We continue to mount, and soon arrive at the first spurs of the Mongolian range. Here behind a wall of earth we find an immense Tartar camp, at least two thousand men, armed with lances, bows, and arrows, guard of honor of the defunct rulers.
Once more we see a clear horizon, the very memory of which had faded. It seems as though these Mongolian mountains suddenly huddled together as though they had all pressed forward; very rocky they are, with strange outlines, peaks like turrets or pagoda-towers rising above us,—all of a beautiful purple iris effect.

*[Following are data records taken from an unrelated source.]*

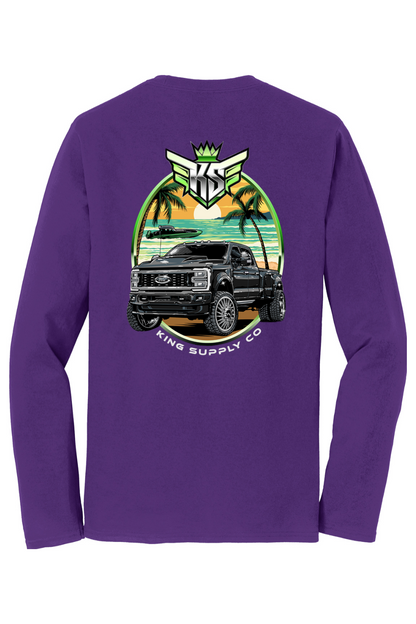 Platti Plus Palm Long Sleeve Tee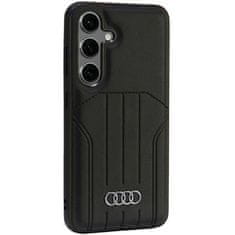 Audi Oryginalne Etui SAMSUNG GALAXY S24 Audi Synthetic Leather MagSafe Hardcase (Synthetic) czarne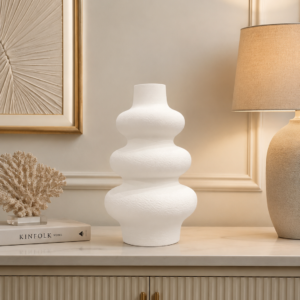 White Decorative Vase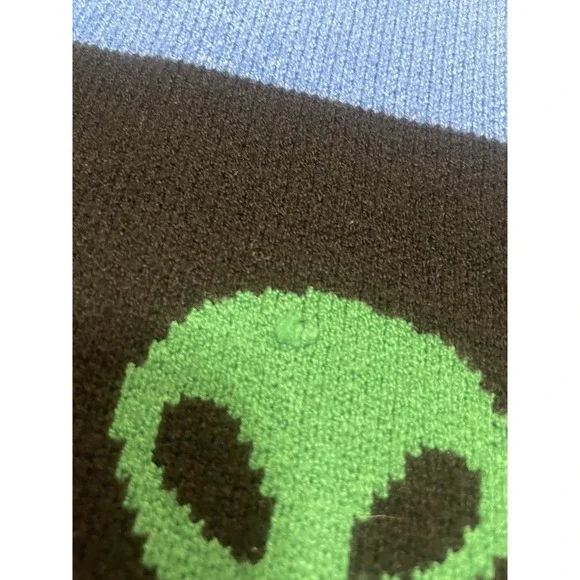 Dressed In Lala Colorful Graphic Women's Sweater - Picture 6 of 8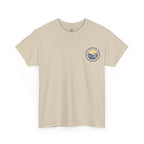 Blue Ocean Cotton Tee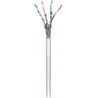CABLE SFTP CAT6 FLEXIBLE GRIS LSZH(100M)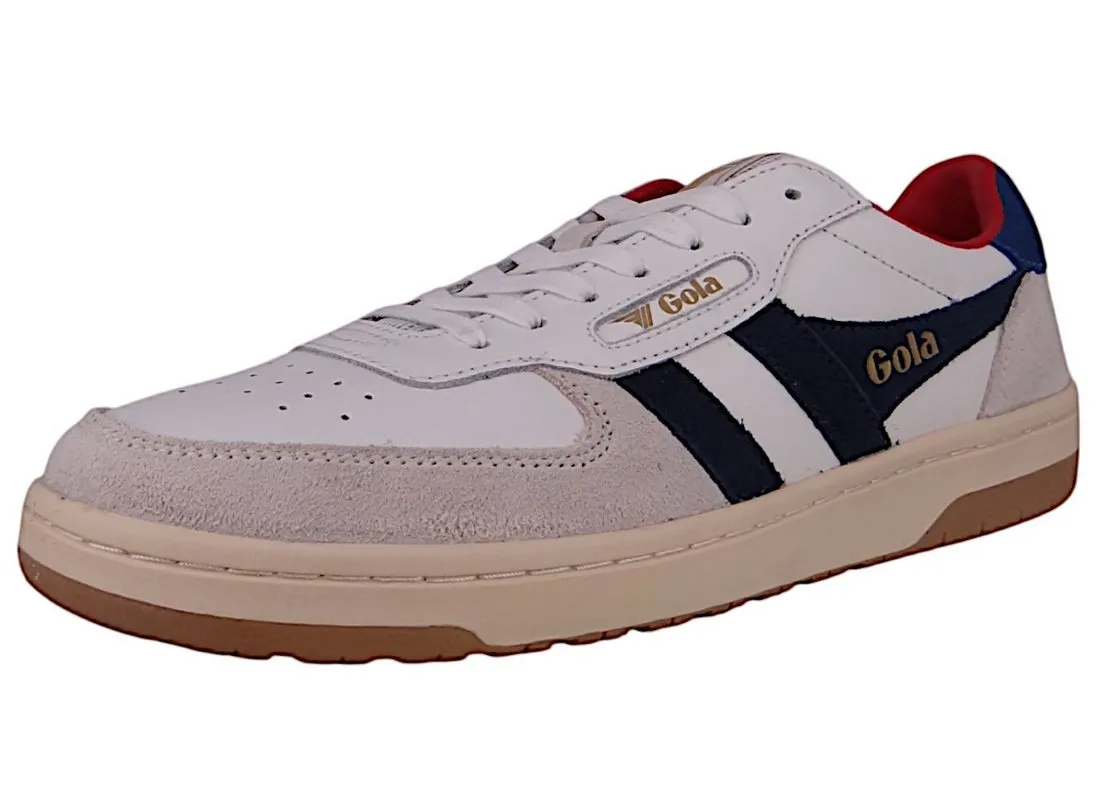 GOLA CMB336 XE White/Navy/Marine Blue Sneaker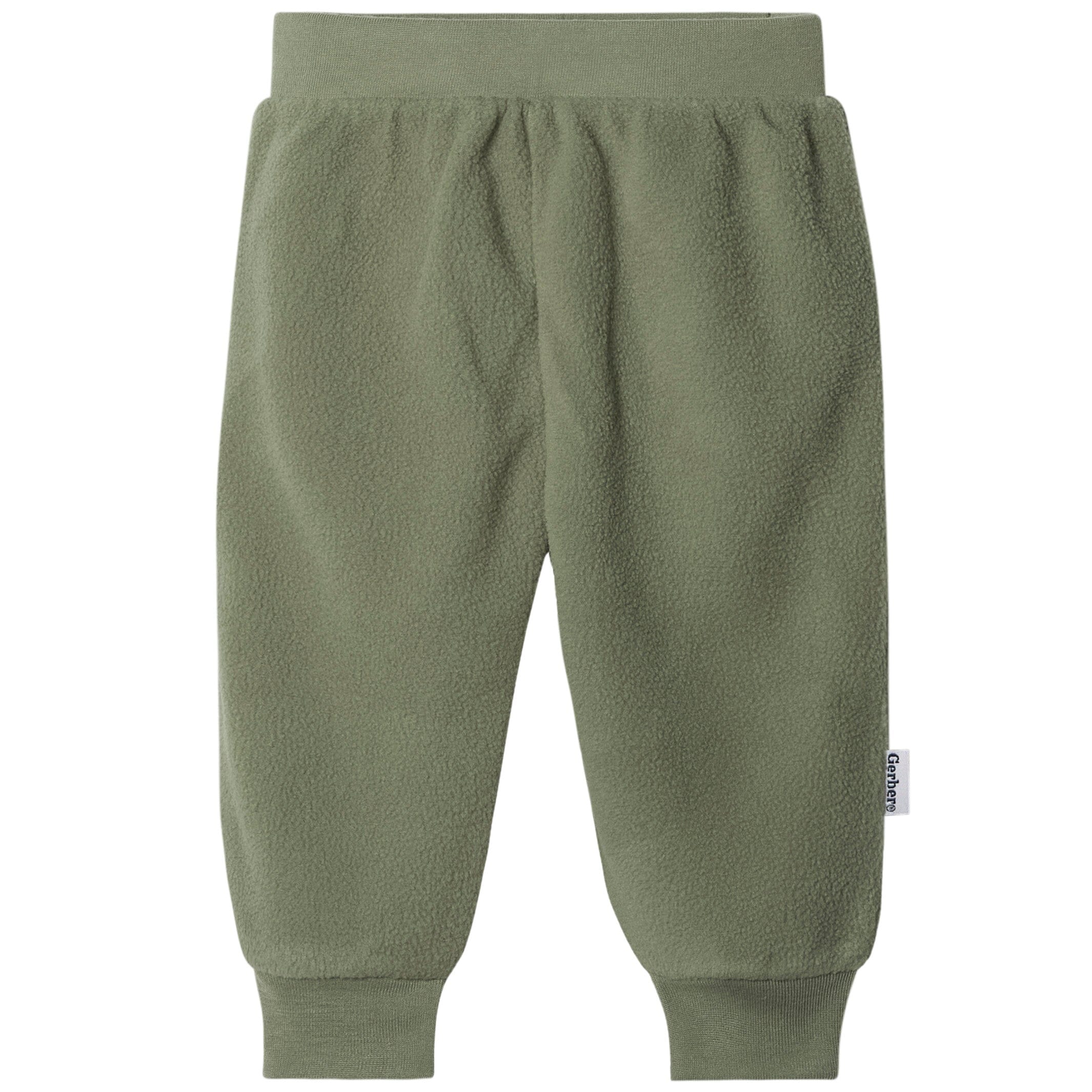 4-Pack Baby Boys Oatmeal Heather Fleece Pants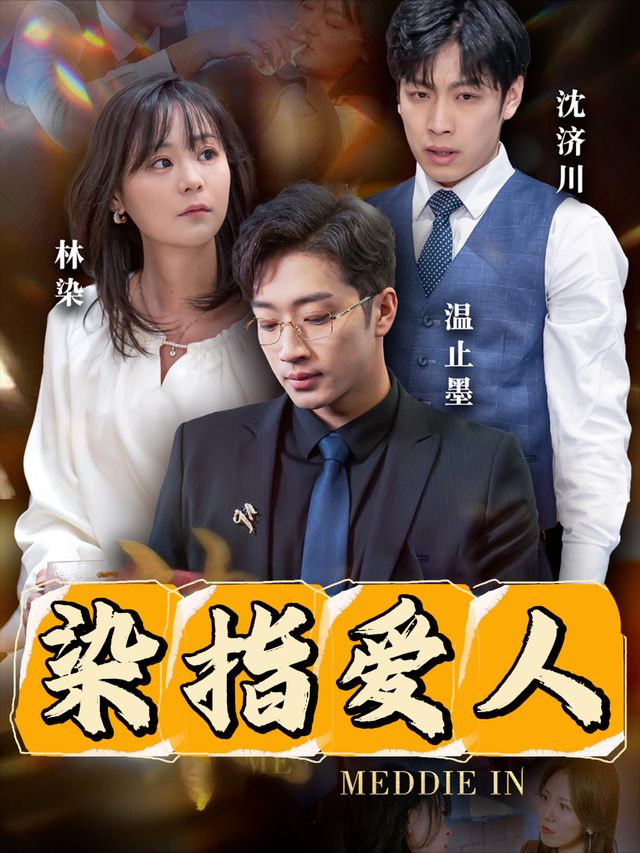 染指爱人封面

Ahead of us we begin to see on all sides wooded valleys and forests of cedar. True, they are artificial forests, although very old,—planted centuries ago for this funeral park, covering an area twenty miles in circumference, where four Tartar emperors sleep.
We enter this silent, shadowy place, astonished to find that, contrary to Chinese custom, it is surrounded by no wall. No doubt it was felt that this isolated spot would be sufficiently protected by the terror inspired by the shades of the emperors, as well as by a general edict of death promulgated in advance against any one who dared to cultivate a bit of the ground or even sow a seed.
It is the sacred wood par excellence, with all its retirement and its mystery. What marvellous poets of the dead the Chinese are, to be able to prepare them such dwelling-places!